Pulpo Oscuro chapter 11 . 6/12/2011
This was great! I thought that you combined the two worlds very well, and created a remarkably realistic fic on a rather unusual premise.
wertner chapter 11 . 3/15/2011
This is a very unexpected story, not at all anything I would have expected to find. BUT. This story is awesome, a fusion of the innocence of childhood in the land before time combined with the "real world" as seen in the cold war era. The end result being a unexpected but great story. The last update was from quite a while ago, but I hope you continue this story.
Bearybeary chapter 11 . 3/4/2011
H.G. Wells I hope that the next chapter will be very interesting and more epic.
Quintaglio chapter 11 . 9/16/2010
I bumped into this story quite by accident, but find it an amazing peace of storytelling

There are numerous spelling errors but the story is so original that I easily overlook them and eagerly await your next chapter

I salute you H.G. Wells

Sincerly

Quintaglio
steven152 chapter 4 . 1/23/2010
OMG! thats a nuke isin't im liking this story so far
Zarrelion chapter 11 . 1/9/2010
I really like this story!
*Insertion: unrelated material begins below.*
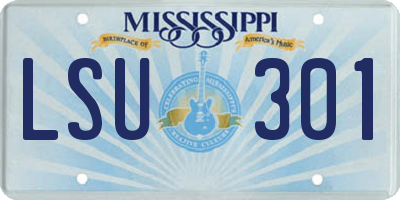 MS license plate LSU301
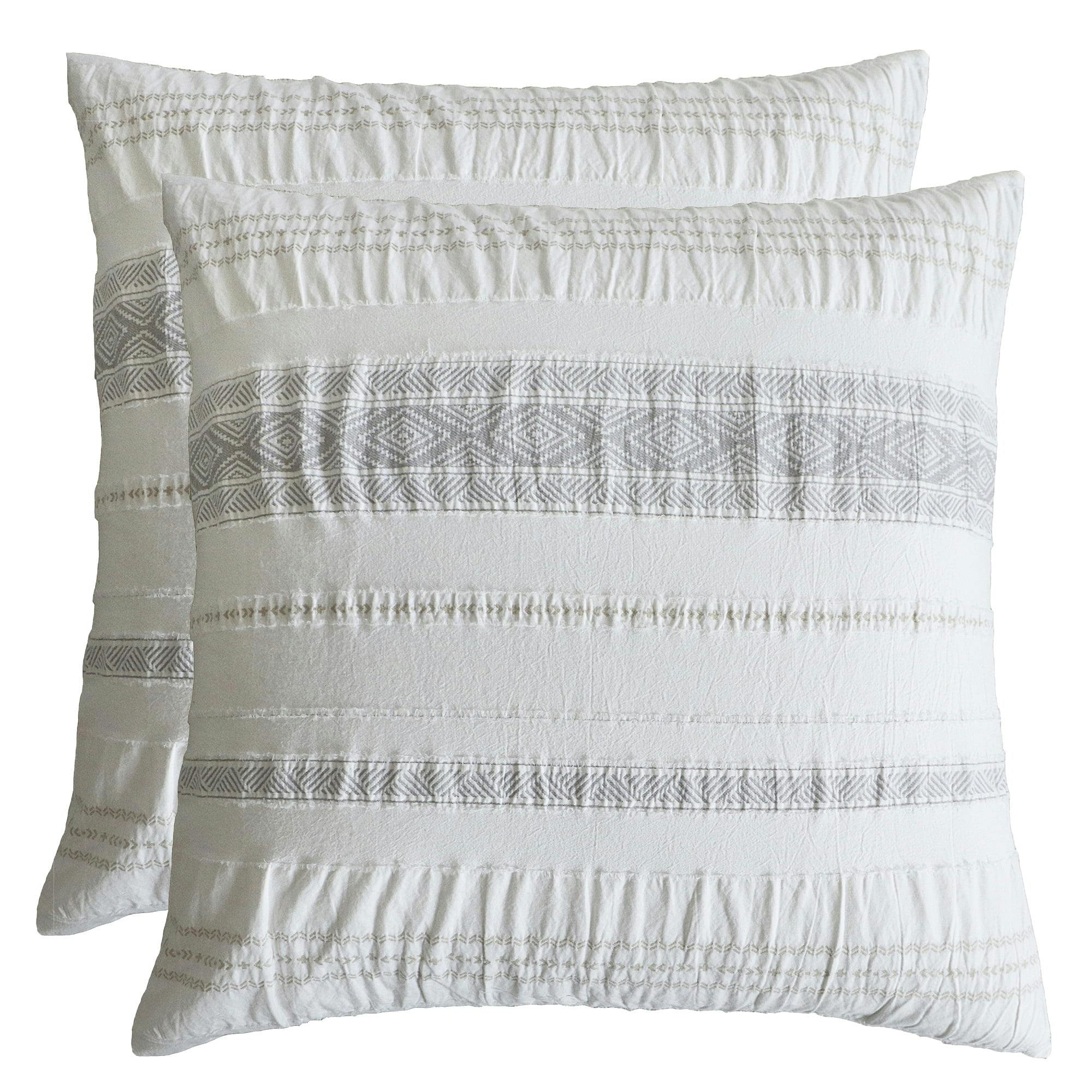 Bohemian Jacquard Euro Sham Set in Gray, Taupe, and Off-White - 26x26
I like how made all the characters rounded.

One thing that bugs me is that the Spetznaz troopers are able to pick up Littlefoot, Cera and Spike. I would think that even a young dinosaur of their size is in excess of 300 pounds and that kind of weight is impossible to carry one handed.

And honestly, how can you fit 3 decently sized dinosaurs who each weigh as much if not more than an average person in an average sized dog carrier?
Sgt. Nolisten chapter 11 . 1/4/2010
Good chapter! But I have a few questions.

1. Did you have to put them in dog cages?

2. I stand by Littlefoot on the bi-polar like shifts in mood. What's with that?

3. How many chapters do you think will be for this story?
Pangaea chapter 10 . 12/27/2009
I'm so glad this story isn't dead (for a while there I was worried it was). I wouldn't have believed that an LBT fanfic involving the Cold War could be enjoyable, but you're such an incredible writer that you pull it off excellently! Your portrayals of the LBT characters are dead-on, and I love the detail you go into when describing each scene.

I really liked the first face-to-face meeting between the Russians and the gang. I was kind of hoping that it would turn out that the LBT dinosaurs don't, in fact, speak English (and what we hear in the movies is translated from dinosaur language for the benefit of the viewer), but it's clever how you used it to further the plot: to encounter sentient dinosaurs that speak the same language as the enemy would seem awfully suspicious from the Russians' perspective. I imagine that they're assuming that the dinosaurs were either taught English by the Americans, or are part of some sort of experiment by their enemies (artificially given heightened intelligence and trained as scouts, spies, or something of the like). Of course, that doesn't make me feel any less sorry for the gang, a group of innocent kids being pushed around at gunpoint by a bunch of strange, threatening creatures. You certainly know how to keep things suspenseful.

One suggestion I would make (sorry that it's a little late) is that when you refer to Petrie's mother, you call her "Mrs. Flyer" instead of "Mrs. Petrie". Otherwise it sounds like she's Petrie's wife or something.

At any rate, please continue! This story is fantastic!